High induced demand (traffic continues to increase, say to 72000-81000 cars/day). The appearance or expectation of a smoother ride might drive more people to live farther from work i.e. Ely, Fairfax, North Liberty, Shueyville, Solon, Swisher, or rural Linn or Johnson counties. This will help to fill up that third lane, so that in a few years traffic will be just as "bad" as it is now. On the other hand, it will also boost population and the tax rolls in those little towns and rural areas. They may well have a stake in facilitating commuters, and would expect to reap substantial benefits while bearing little of the costs. Here in D.C. there've been proposals floated to build a bullet train to Baltimore. There are a lot of unanswered questions about this, but the areas in between are wondering why they should provide land for a train that will favor these two major cities while bypassing them. What we should have done instead: Regional revenue sharing, (see also Liu and Arnosti 2018) and at least investigate passenger rail.

Whatever decision is made, and however it comes out, we should take collective actions for the right reasons. The Hamilton Project's recent study of infrastructure policy lists a number of standards for evaluating projects (2017: 2): economic return on investment (see also Marohn 2013 and 2016), economic vs. political considerations, rate of depreciation, cost of borrowing, where the money is coming from, and need for economic stimulus. By any of these standards, does widening I-380 pass the smell test?

OTHER READING:

Tod Litman, "Urban Sprawl Costs the American Economy More Than $1 Trillion Annually," LSE US Centre, 1 June 2015

Diane Whitmore Schanzenbach, Ryan Nunn and Greg Nantz, "If You Build It: A Guide to the Economics of Infrastructure Investment," The Hamilton Project, February 2017

[P.S.: See also Dirk Vander Hart, "A New Report Shows Highway Widening Won't Solve Portland's Congestion Woes," Portland Mercury, 7 March 2018]

Tuesday, February 13, 2018

The futility of widening (II)


Discussion is going forward on widening Interstate 380 between North Liberty and Cedar Rapids, so that there are three lanes in each direction the whole way. Things are getting realer: The Iowa Department of Transportation will hold a public information meeting next Tuesday, February 20, at the District 6 office, 5455 Kirkwood Boulevard SW, Cedar Rapids, from 5:00 to 6:30 p.m.
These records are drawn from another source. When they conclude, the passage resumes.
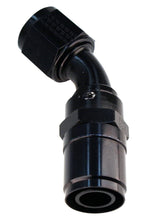 Load image into Gallery viewer, #8 Race-Rite Crimp-On Hose End 60-Degree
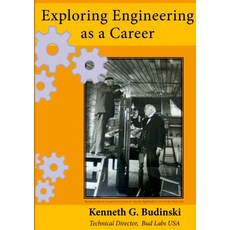 (영문도서) Engineering as a Career Paperback, Lulu.com, English, 9781300676546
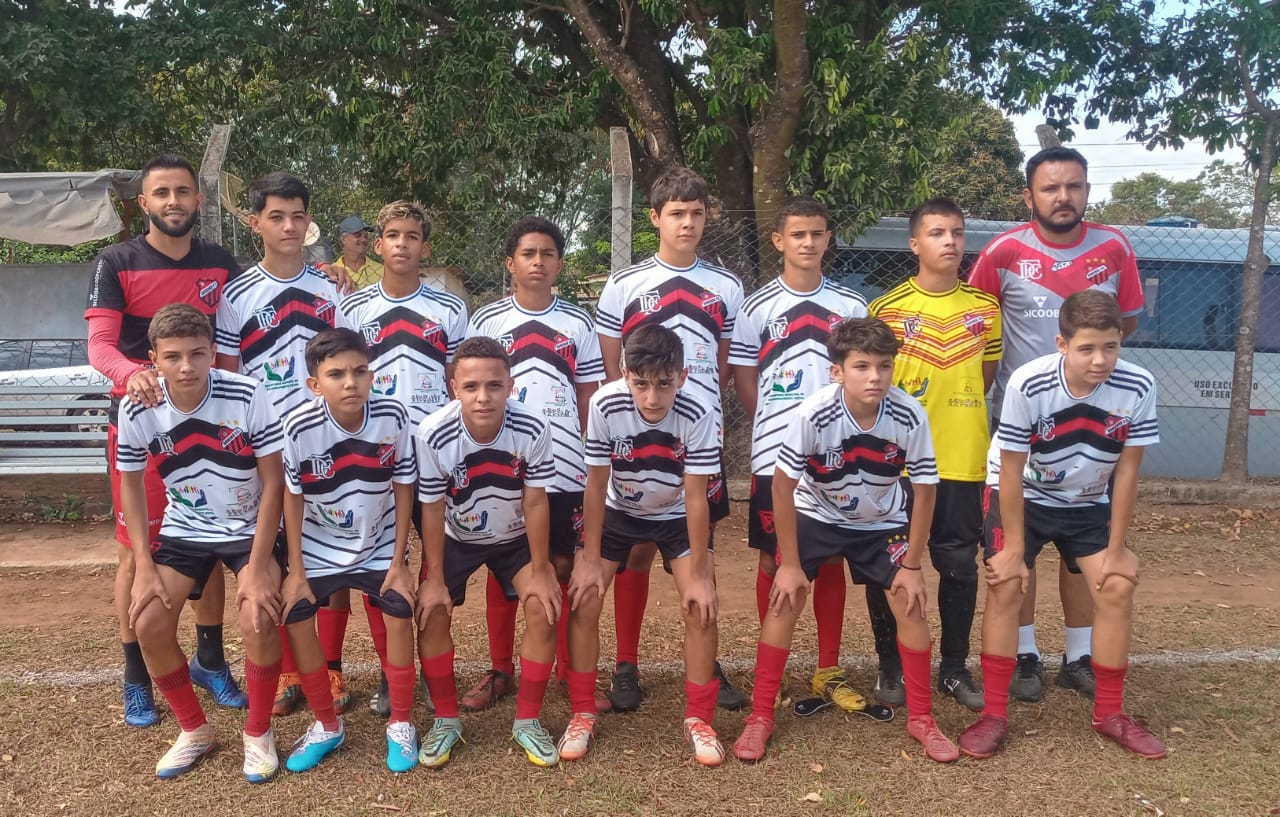 Temporada 2023 Escolinha - Fotos — foto 35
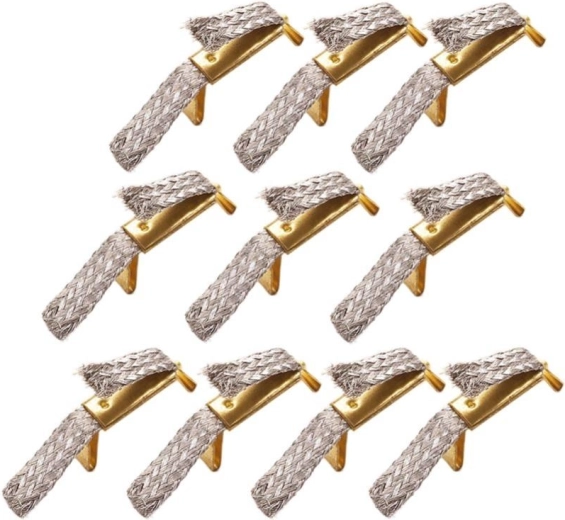 Επαφές βούρτσας για πίστες αυτοκινήτων GO!!!, GO!!! Plus και Digital 143 (10 τεμ.)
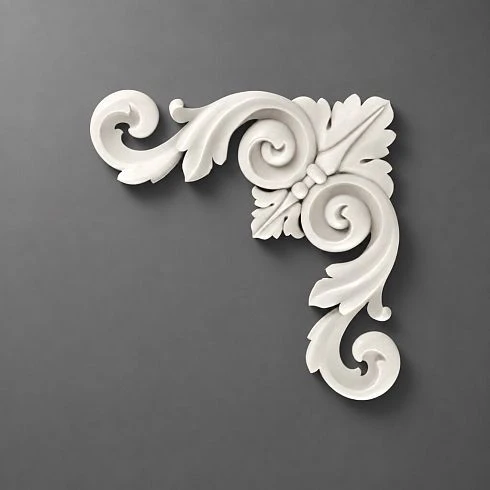 Relief Decoration NPU-168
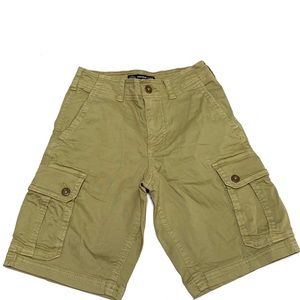 Mens American Eagle Cargo Shorts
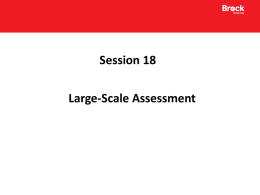 Session 18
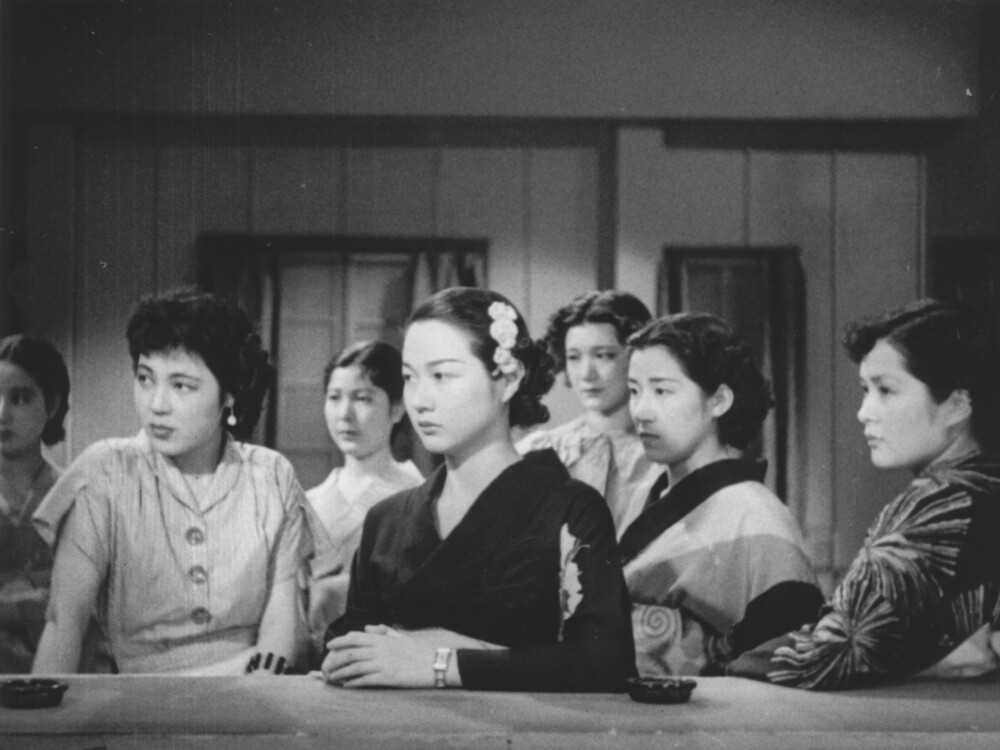 「清水宏監督　没後60年」特集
As I wrote two years ago, the impetus for widening the highway is understandable: population in Linn and Johnson counties has increased: their combined population in the 2016 census estimate is 368,208, up 7.63 percent since 2010 and 39.0 percent since 1990, both faster than the United States as a whole Intercity commuting has increased with population--average daily traffic counts at the county line increased by about 50 percent between 1998 (38,200) and 2014 (55,600)--and drivers can at times feel trapped in traffic without an extra lane to set them free. The region and the state have sunk their investments into highway transportation, and citizens seem to approve; it’s easier to build on that than to try to create alternatives from nothing.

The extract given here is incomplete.